If it stood by itself, you might be able to support the idea that the speaker is thinking that the woods belong to God, if there is a God, of which the speaker is unsure. However, the second line clearly states "His house is in the village." This certainly sounds like a statement of a specific, known but not present, individual human owner of the woods.
If you were interpreting the "house" as being a church in the village, since churches may be thought of as being houses of God, this would answer that concern. Assuming this is your argument, God in his village house would be able to see the speaker "stopping here To watch his woods fill up with snow", which contradicts the third line of the first stanza.
Faith and doubt don't appear to be considerations in the interpretation of this poem.

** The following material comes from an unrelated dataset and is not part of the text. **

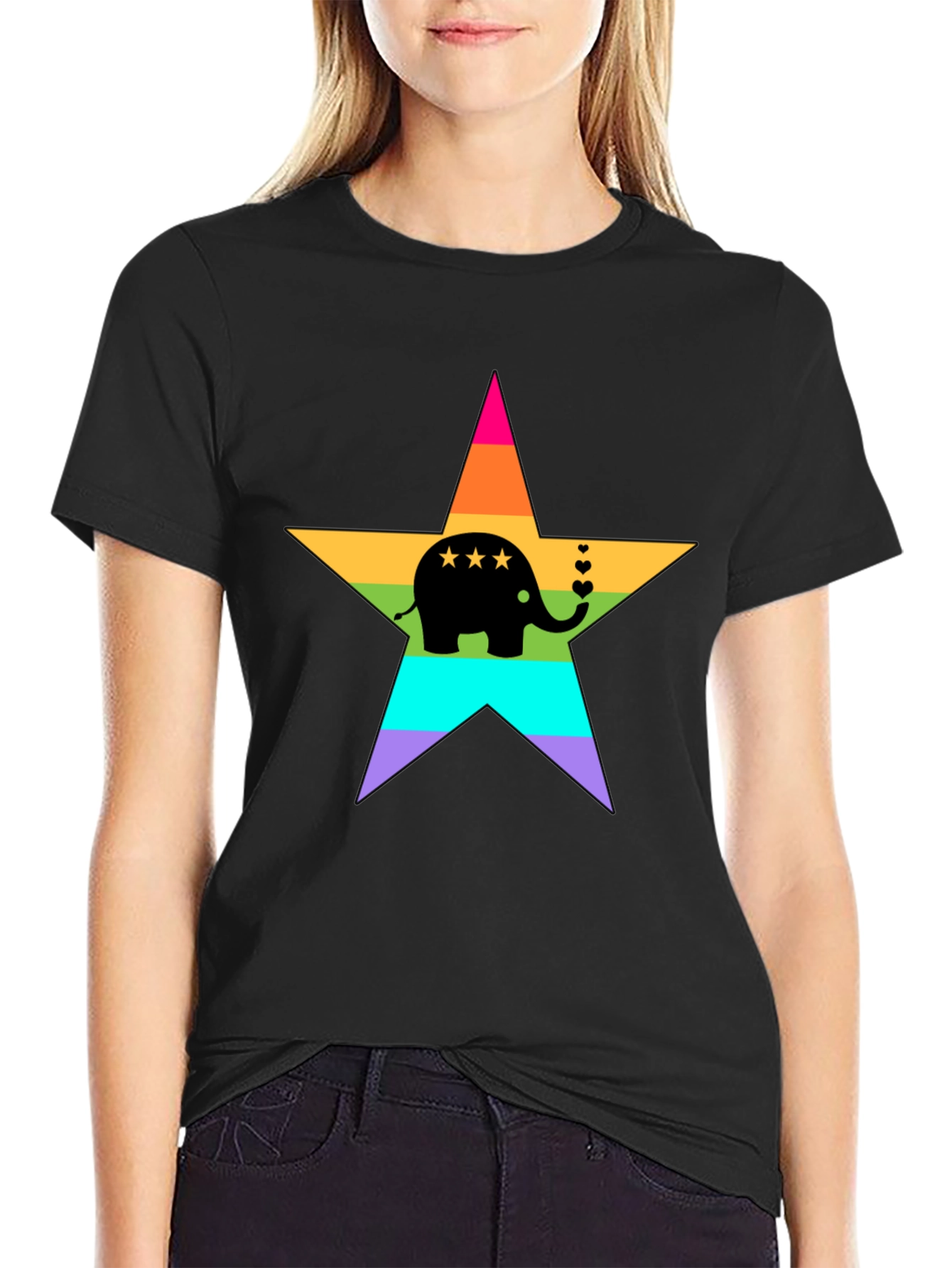 Black Rainbow Elephant Star T-Shirt view 2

I think this line of inquiry is futile. The "owner" whom the speaker (let us call him Robert Frost) refers to has to be a human being, a man at that, since Frost says they are "his" woods, not "hers." There are at least two reasons for thinking that the owner of the woods is human. One is that "His house is in the village." Of course, there must be at least one church in the village, and that could be regarded as God's house, but God has such houses all over the world and isn't confined to that one. Furthermore, Frost says, "He cannot see me stopping here." God is supposedly omniscient and can easily see Frost stopping there if He bothers to look. Why should God care about a man stopping to look at some trees?
Then why is Frost concerned about whether the man who owns these woods might see him? This is a fascinating question which has been discussed ever since the poem was published. I have given my answer in a short essay titled "A 'Criminal Patina' in 'Stopping by Woods on a Snowy Evening'" which is posted in eNotes; see reference link below). Frost specifies that this incident occurs a few days before Christmas, on "the darkest evening of the year." He lived in New Hampshire at the time, and his poem was published in a collection titled New Hampshire. At that time of year, the beginning of winter, the deciduous trees would be bare and not worth stopping to look at. The trees Frost is looking at must be evergreens. These are grown commercially in New Hampshire in particular, for sale in the big Eastern cities as Christmas trees.

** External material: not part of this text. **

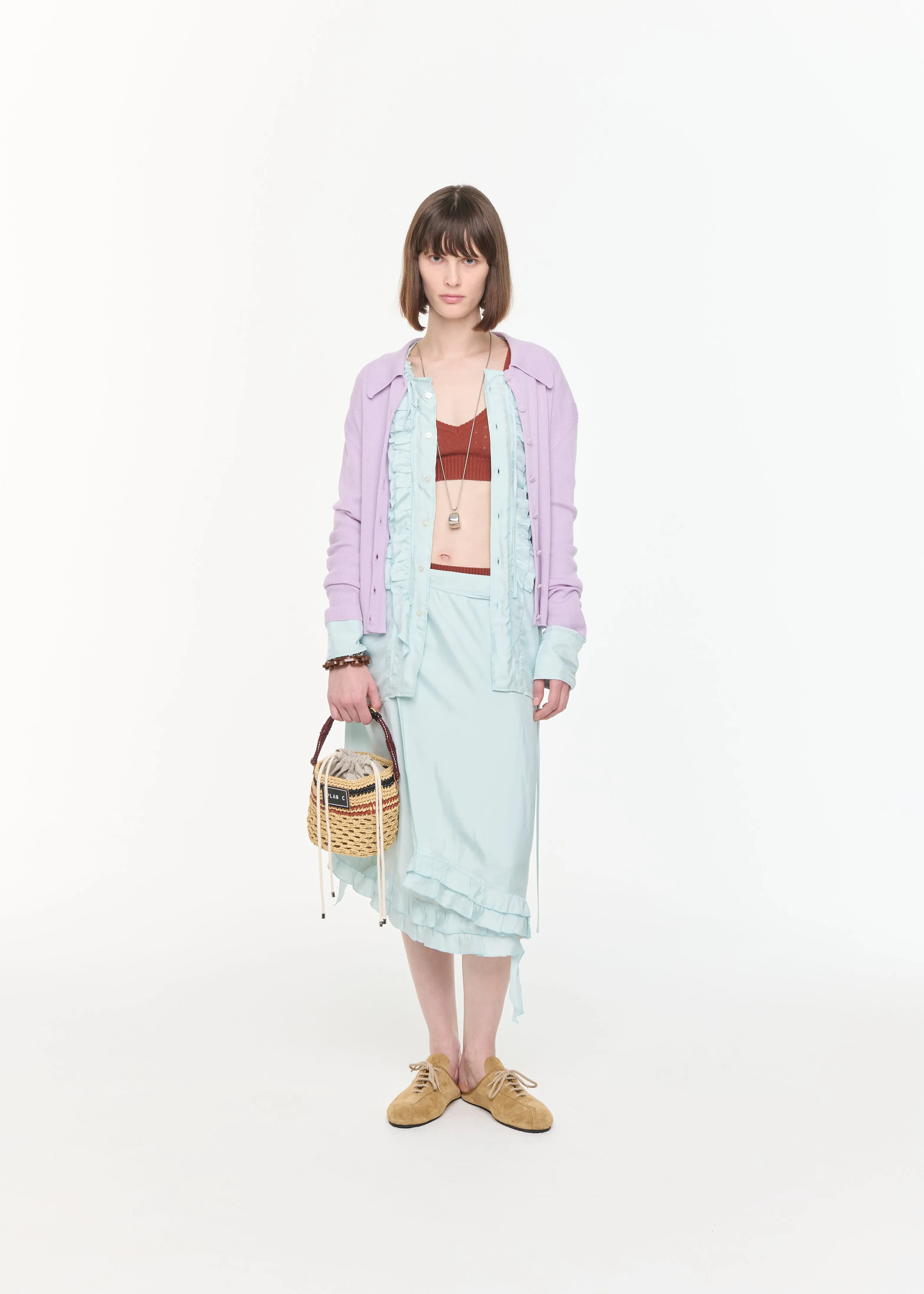 RUFFLED LIGHT VISCOSE SHIRT sold by Plan C product image thumbnail 2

Frost is thinking that if the owner saw him sitting there in his sleigh staring at his spruce trees, this tight-fisted Yankee squire would naturally assume that Frost was fixing to cut down one of his trees and take it home for the holidays. That materialistic tree-owner could not think of any other reason why another man would stop to look at a stand of trees when it is snowing--or even when it isn't snowing. The woods filling up with snow can only be a beautiful sight because they are spruce trees with spreading branches that will catch the falling snow and soon be covered in white. (It is quite possible, in fact, that Frost really might have been toying with the idea of taking one of the smaller trees home with him, though he doesn't say so in his poem.)

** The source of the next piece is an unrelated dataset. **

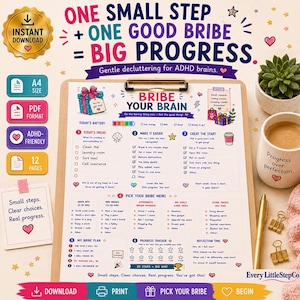May include: A printable ADHD-friendly task planner on a clipboard with the title Bribe Your Brain. The document includes sections for Today's Dread, Make It Easier, Cheat The Start, a Bribe Menu, a Progress Tracker, and Reflection Time.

According to the New Hampshire Christmas Tree Promotion Board:
Christmas trees are grown all over New Hampshire, from the rugged Great North Woods above the White Mountains [where Frost lived for many years] to the scenic Lakes Region, in the pastoral Monadnock area and on to the farms of the Merrimack Valley and the Seacoast. Most of the farms are family owned and operated and range in size from less than an acre to 100 acres in size. The New Hampshire farms grow a number of different species of Christmas trees, although Balsam fir and Fraser fir are the most numerous.